En coopérant avec des collections publiques, notamment l’archive photographique de Marc Vaux (Centre Pompidou), j’ai entamé la création d’un lieu de résidence et d’ateliers dédié à la réévaluation des expériences vécues par de nombreux artistes passés par Paris au cours du 20ème siècle. Une autre histoire de la modernité peut être écrite, non plus définie par le mythe du progrès industriel mais faite d’individualités déviantes, d’échanges culturels et d’exils. Je crois sincèrement que l’art peut nous aider à inventer des historiographies alternatives et explorer des parcours de vie ignorés et marginalisés qui résonnent avec leur contexte collectif.
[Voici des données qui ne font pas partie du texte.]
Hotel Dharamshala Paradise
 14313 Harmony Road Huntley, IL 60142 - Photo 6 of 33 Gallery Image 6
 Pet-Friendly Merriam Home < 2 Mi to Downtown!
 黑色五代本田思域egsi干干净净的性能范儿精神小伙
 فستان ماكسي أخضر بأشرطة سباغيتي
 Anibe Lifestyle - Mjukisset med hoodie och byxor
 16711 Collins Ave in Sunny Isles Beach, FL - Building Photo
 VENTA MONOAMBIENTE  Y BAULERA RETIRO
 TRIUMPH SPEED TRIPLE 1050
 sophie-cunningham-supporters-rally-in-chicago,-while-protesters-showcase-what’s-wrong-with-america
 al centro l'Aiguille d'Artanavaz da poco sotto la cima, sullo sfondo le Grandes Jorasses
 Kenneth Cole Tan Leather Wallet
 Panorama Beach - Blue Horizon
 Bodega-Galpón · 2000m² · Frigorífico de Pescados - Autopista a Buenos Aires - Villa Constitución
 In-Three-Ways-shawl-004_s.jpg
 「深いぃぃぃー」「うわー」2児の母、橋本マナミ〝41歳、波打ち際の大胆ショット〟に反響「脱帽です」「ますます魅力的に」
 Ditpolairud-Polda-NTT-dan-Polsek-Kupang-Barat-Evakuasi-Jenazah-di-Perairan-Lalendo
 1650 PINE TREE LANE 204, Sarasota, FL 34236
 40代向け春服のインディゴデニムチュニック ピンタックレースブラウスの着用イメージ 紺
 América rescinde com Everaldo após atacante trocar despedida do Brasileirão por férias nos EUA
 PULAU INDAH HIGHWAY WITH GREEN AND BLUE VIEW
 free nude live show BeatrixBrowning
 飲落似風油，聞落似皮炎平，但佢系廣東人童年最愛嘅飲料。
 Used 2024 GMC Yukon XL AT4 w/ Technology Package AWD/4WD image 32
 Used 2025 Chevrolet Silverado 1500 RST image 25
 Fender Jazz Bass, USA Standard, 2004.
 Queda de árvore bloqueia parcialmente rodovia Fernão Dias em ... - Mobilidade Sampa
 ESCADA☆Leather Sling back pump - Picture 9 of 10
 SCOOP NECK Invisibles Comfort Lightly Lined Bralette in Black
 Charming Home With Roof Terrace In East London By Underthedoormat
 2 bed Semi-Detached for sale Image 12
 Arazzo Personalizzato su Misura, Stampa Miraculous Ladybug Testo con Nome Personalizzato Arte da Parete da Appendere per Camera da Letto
Notre programmation 2017 sera l’occasion d’entremêler une pluralité de mondes. Bétonsalon et la Villa Vassilieff vont créer des lieux de dialogue pour aborder notre situation politique et sociale. Nous souhaitons faire naître une économie de la convivialité, là où les visiteurs seront amenés à discuter autour des œuvres, parlant d’expériences personnelles et de mémoires collectives comme des difficultés du vivre-ensemble. Bétonsalon, remis à neuf, va proposer de nouveaux espaces d’accueil et de travail et donner à voir deux expositions personnelles par les artistes Emmanuelle Lainé et Candice Lin, chacune conçue en collaboration avec l’université Paris Diderot et le laboratoire de recherche de l’« Académie vivante ». La Villa Vassilieff deviendra une véritable maison habitée par sept projets. Une constellation de commissaires et d’artistes en résidence vont entreprendre des projets de recherche liant pratiques du passé et du présent.
Je veux prendre fait et cause pour ces artistes qui savent exprimer leurs individualités instables, leurs racines singulières et leurs parcours complexes avec sincérité et engagement. L’articulation des émotions et des luttes est un point de passage nécessaire pour amplifier les mémoires et créer des publics subversifs. J’aspire à un programme où transparaissent les êtres et leurs émotions, où se répandent passion, compassion, contestation, peur et fragilité. Alors que nous explorerons les mille manières avec lesquelles les artistes s’emparent de ces matériaux, nous nous confronterons à des territoires instables et des temporalités disjointes. Nous regarderons de plus près ces pratiques individuelles via des perspectives enfin défrichées. Nous pouvons imaginer une histoire partagée, non pas imposée mais élaborée collectivement d’après une multiplicité de particularités et d’itinéraires sinueux dans un monde fragmenté. En des temps troublés, ces histoires nous aident à développer des formes translocales de résistance et inventer de nouveaux horizons cosmopolites.